§ EXERCISE: Each line from the one that has "Lost Male Dog" through the end of the entries below must be written out exactly; leave out all other lines.

§ THE INPUT:
..............................

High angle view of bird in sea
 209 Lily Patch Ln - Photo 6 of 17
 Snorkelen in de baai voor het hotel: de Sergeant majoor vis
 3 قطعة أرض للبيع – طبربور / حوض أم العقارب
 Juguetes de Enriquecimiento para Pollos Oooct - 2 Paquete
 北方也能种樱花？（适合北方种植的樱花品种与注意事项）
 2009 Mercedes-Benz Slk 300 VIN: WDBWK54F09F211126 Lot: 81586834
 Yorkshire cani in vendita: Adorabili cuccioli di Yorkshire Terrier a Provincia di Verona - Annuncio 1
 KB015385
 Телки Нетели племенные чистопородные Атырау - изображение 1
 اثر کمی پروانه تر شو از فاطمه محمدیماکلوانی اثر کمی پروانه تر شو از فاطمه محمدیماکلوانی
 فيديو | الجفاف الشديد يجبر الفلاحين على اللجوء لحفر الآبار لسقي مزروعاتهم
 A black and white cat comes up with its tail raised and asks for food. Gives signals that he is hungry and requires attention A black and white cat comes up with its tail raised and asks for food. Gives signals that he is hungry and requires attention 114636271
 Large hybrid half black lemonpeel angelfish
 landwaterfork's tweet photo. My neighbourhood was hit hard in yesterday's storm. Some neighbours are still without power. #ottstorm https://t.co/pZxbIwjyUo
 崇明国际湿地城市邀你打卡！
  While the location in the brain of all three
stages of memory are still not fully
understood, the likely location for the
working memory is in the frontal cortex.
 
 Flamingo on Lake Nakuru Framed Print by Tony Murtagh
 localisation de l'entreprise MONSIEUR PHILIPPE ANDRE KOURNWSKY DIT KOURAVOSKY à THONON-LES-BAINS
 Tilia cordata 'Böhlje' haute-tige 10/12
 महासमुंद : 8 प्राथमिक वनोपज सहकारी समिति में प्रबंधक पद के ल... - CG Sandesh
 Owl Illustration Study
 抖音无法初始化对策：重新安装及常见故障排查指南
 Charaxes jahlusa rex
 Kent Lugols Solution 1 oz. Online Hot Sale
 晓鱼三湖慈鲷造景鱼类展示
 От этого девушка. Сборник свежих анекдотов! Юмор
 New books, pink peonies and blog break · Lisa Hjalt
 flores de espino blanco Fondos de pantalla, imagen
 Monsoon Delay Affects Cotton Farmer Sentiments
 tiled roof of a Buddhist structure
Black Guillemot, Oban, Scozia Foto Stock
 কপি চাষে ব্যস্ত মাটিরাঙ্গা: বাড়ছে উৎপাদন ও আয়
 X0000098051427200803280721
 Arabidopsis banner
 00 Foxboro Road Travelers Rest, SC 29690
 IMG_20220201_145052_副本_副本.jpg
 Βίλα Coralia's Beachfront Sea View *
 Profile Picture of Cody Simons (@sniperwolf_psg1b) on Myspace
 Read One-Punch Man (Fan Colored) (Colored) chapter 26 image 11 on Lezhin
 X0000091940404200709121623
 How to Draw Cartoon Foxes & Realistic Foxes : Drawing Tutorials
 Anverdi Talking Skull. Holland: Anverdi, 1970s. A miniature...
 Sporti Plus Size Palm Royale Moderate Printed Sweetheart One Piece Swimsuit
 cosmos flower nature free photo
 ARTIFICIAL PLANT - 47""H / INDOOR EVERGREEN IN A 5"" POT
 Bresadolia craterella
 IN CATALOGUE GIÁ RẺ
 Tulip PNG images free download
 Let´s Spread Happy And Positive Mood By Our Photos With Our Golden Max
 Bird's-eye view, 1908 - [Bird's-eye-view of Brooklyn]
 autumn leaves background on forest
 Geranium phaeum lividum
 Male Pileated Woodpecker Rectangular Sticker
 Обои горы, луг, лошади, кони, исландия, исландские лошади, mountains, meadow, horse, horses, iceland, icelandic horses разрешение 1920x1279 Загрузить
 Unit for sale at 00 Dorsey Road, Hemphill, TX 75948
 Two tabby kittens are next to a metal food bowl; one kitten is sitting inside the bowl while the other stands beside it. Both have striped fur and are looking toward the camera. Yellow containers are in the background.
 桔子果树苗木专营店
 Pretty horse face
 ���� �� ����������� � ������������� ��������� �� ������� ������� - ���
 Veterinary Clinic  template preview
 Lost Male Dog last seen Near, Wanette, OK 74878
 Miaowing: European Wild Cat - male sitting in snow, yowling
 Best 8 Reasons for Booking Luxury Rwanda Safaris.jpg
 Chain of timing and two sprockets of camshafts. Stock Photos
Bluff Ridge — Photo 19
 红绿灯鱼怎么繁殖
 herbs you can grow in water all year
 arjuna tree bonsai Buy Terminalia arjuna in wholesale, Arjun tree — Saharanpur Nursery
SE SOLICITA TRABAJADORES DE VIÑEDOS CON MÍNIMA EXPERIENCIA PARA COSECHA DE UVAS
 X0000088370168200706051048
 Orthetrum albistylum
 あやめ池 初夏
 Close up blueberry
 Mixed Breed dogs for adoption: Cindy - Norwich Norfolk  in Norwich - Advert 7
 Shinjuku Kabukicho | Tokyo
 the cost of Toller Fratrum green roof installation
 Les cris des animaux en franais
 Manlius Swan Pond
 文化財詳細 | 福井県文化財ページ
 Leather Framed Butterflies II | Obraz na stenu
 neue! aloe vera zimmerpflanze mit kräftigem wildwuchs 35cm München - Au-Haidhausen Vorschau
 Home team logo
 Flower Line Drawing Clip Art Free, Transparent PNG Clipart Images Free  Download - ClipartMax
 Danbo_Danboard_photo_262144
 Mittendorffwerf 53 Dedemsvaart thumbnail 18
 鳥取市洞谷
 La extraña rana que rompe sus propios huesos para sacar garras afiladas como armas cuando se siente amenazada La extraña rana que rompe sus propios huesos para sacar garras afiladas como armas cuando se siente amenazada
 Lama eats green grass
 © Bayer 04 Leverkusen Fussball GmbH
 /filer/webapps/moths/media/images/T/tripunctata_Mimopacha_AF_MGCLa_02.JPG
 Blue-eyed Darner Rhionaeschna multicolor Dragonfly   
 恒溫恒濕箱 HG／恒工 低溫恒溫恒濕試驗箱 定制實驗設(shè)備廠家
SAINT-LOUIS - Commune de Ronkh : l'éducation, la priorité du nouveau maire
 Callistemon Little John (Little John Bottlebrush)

..............................

§ ANSWER FOR THE TASK:
 Lost Male Dog last seen Near, Wanette, OK 74878
 Miaowing: European Wild Cat - male sitting in snow, yowling
 Best 8 Reasons for Booking Luxury Rwanda Safaris.jpg
 Chain of timing and two sprockets of camshafts. Stock Photos
Bluff Ridge — Photo 19
 红绿灯鱼怎么繁殖
 herbs you can grow in water all year
 arjuna tree bonsai Buy Terminalia arjuna in wholesale, Arjun tree — Saharanpur Nursery
SE SOLICITA TRABAJADORES DE VIÑEDOS CON MÍNIMA EXPERIENCIA PARA COSECHA DE UVAS
 X0000088370168200706051048
 Orthetrum albistylum
 あやめ池 初夏
 Close up blueberry
 Mixed Breed dogs for adoption: Cindy - Norwich Norfolk  in Norwich - Advert 7
 Shinjuku Kabukicho | Tokyo
 the cost of Toller Fratrum green roof installation
 Les cris des animaux en franais
 Manlius Swan Pond
 文化財詳細 | 福井県文化財ページ
 Leather Framed Butterflies II | Obraz na stenu
 neue! aloe vera zimmerpflanze mit kräftigem wildwuchs 35cm München - Au-Haidhausen Vorschau
 Home team logo
 Flower Line Drawing Clip Art Free, Transparent PNG Clipart Images Free  Download - ClipartMax
 Danbo_Danboard_photo_262144
 Mittendorffwerf 53 Dedemsvaart thumbnail 18
 鳥取市洞谷
 La extraña rana que rompe sus propios huesos para sacar garras afiladas como armas cuando se siente amenazada La extraña rana que rompe sus propios huesos para sacar garras afiladas como armas cuando se siente amenazada
 Lama eats green grass
 © Bayer 04 Leverkusen Fussball GmbH
 /filer/webapps/moths/media/images/T/tripunctata_Mimopacha_AF_MGCLa_02.JPG
 Blue-eyed Darner Rhionaeschna multicolor Dragonfly   
 恒溫恒濕箱 HG／恒工 低溫恒溫恒濕試驗箱 定制實驗設(shè)備廠家
SAINT-LOUIS - Commune de Ronkh : l'éducation, la priorité du nouveau maire
 Callistemon Little John (Little John Bottlebrush)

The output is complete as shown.